The follow-through is what sets Setter apart from directory-style services like Yelp or Thumbtack . “Other companies either take your request and assign it to the next available contractor or simply share a list of available contractors and you need to complete everything yourself,” a Setter spokesperson tells me. They might start the job quicker, but you don’t always get exactly what you want. Everyone in the space will have to compete to source the best pros.

Though potentially less scalable than Thumbtack’s leaner approach, Setter is hoping for better retention as customers shift off of the Yellow Pages and random web searches. Thumbtack rocketed to a $1.2 billion valuation and had raised $273 million by 2015, some from Sequoia (presenting a curious potential conflict of interest).

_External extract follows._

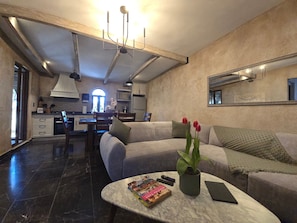 Una sala moderna con un sofá, una mesa de centro con libros y un control remoto, una planta en maceta y una cocina al fondo.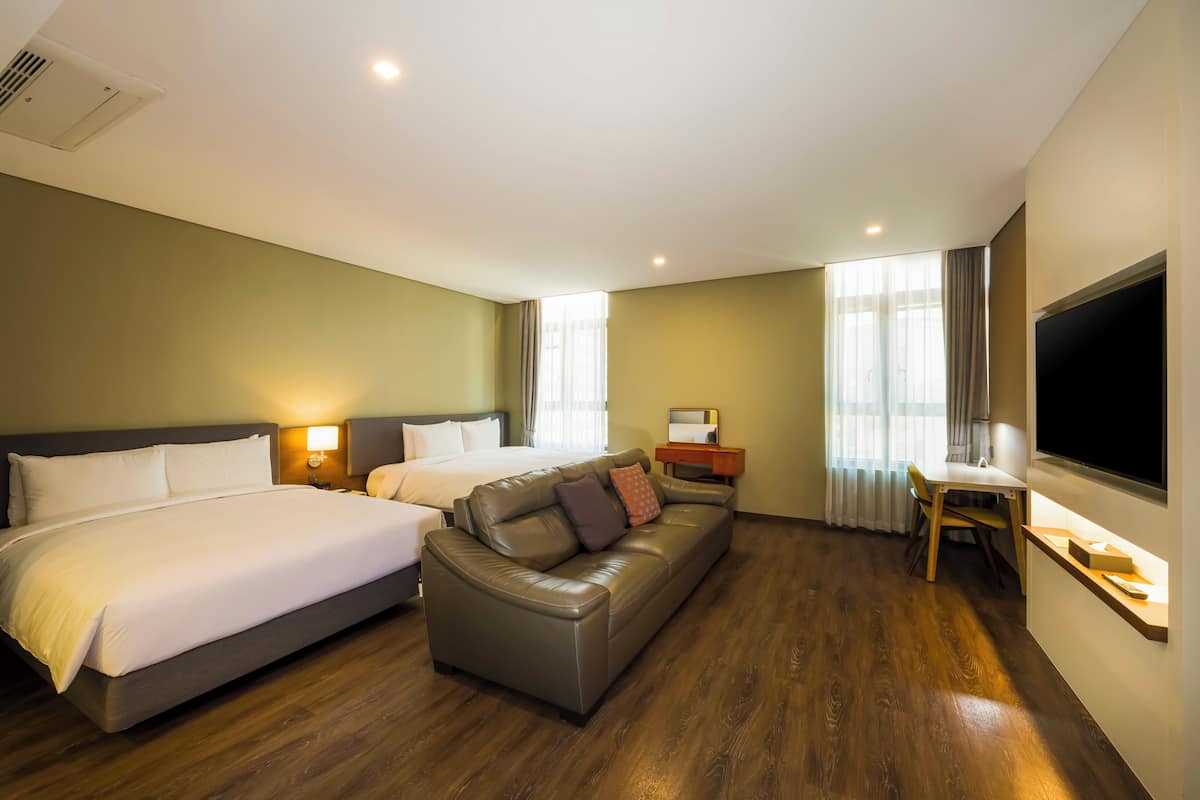 A hotel room with two beds, a sofa, a desk, and a TV.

That same ascent may have lined up the investors behind Setter’s $2 million seed round from Sequoia, Hustle Fund and Avichal Garg last year. Today’s $10 million Series A also included Hustle Fund and Maple VC. 

The toughest challenge for Setter will be changing the status quo for how people shop for home improvement away from ruthless bargain hunting. It will have to educate users about the pitfalls and potential long-term costs of getting slapdash service. If Laliberté wants to fulfill his childhood mission, he’ll have to figure out how to make homeowners value satisfaction over the lowest sticker price.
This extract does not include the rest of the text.